If the machine works, the bags will work.  Just make sure there are no wrinkles in either the bag or the heat strip.  When in doubt,  flip the bag L to R or R to L and double seal if you got a good vacuum.  If doing moist food , not liquid, a rolled up paper towel can absorb juice/blood before it get to the seal during vacuum.  Also, LEM sells pads just for this purpose:




__





						Absorbent Pads for Vacuum Bags | LEM Products
					

Finally, a solution to reduce juices and liquid from being pulled into the sealing area of your vac bags! A must for sealing high moisture foods.




					www.lemproducts.com


----------



## old sarge (Mar 27, 2020)

rc4u said:


> wow, i've been self employed since '80. doesn't anybody here build stuff? I have never seen perfect. theres always "a thing" . jeez .. but complaints and just always solve problems. this is not to diss but to send just chill, like you never overfilled your lawn mower and gas went on ground or forgot to put a stamp on a letter{I know i'm old} ecet ect ect.. or misspell a word.....


This forum is for bragging, venting, sharing, seeking advice and giving advice. The OP met some of those conditions, as have you.  And I am going to have a 'chilled' adult beverage  and long for the days when baseball season started on time.


----------



## pushok2018 (Mar 27, 2020)

sawhorseray said:


> Are they out of money? Tell them it doesn't work, it's brand new, and you don't want to take it apart to install a part. It must have some kind of warranty





smokeymose said:


> At this point I would just send it back and get a refund (if you can!)
> There must be something going on with VacMaster. They had a limited supply of bags, too.
> Good luck!





old sarge said:


> I would send it back and call the credit card company and let them know you are having a tough time getting the machine repaired and/or replaced. I would also give them the return shipping number (UPS or FEDEX and they can verify on line if they care to that you sent it and credit your account


sawhorseray, smokeymose and and old sarge - thank you very much for your advices and I really appreciate that!
I was on the phone with customer service reps  asking for a full refund. He offered to send a technician to my house immediately and I agreed. Tech was in my garage in about 1.5-20 hours wearing a mask and in gloves (me too).  He spent around 1 hours trying to find a problem and finally he came to a conclusion that a vacuum sensor on electronic board is bad. He called VacMaster reps and put him on speaker phone. He explained to him what was wrong with this machine then I was given two choices: 1.  electronic board  to be shipped to me so technician could replaced it with faulty one. 2. New vacuum sealer.  I choose second option. Already received and printed out a return label. We'll see.... I'll keep you posted on this... Thank you everyone again. Stay well and safe....


----------



## old sarge (Mar 27, 2020)

That is great service.  Persistence and courtesy always pays off.


----------



## Winterrider (Mar 27, 2020)

Good to know, as my cheaper unit has been a little temperamental lately.



 Steve H
 , any reviews on yours lately ?


----------



## pushok2018 (Mar 27, 2020)

old sarge said:


> That is great service. Persistence and courtesy always pays off.

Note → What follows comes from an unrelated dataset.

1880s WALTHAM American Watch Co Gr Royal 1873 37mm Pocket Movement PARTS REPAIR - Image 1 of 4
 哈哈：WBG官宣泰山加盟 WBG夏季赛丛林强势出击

Agreed. But.... I didn't like the part when I originally discussed with reps the procedure of returning a faulty mchine, he said that they don't have them in stock currently. When tech called him from my garage and reported his findings, the reps said he needs to talk to his manager and put us on hold for a one minute and then said that this is OK to replace broken device with new one and he will shipp one to me. Little fishy.. Isn't it? Or maybe it's not my day? Anyways, I needed to relax a little so..... Alc. 10%  by Val.  One of my favorite...


----------



## old sarge (Mar 27, 2020)

A lot of companies may hold back a few products "just in case". They may be held for one of their large volume retail sellers.  Or maybe you just talked with a rep who did not know all the ins and outs;  who knows for sure.  But you got a tech on site which is pretty rare in itself for a small easily shipped item and he got you squared away.  Enjoy and be thankful.


----------



## Steve H (Mar 27, 2020)

Winterrider said:


> Good to know, as my cheaper unit has been a little temperamental lately.
> 
> 
> 
> ...



Due to current events. It has been getting a lot of use. And has done a great job. I had to redo a couple of bags. But that was my fault. Not the machine. I'm still giving it a 9 out of 10 rating.


----------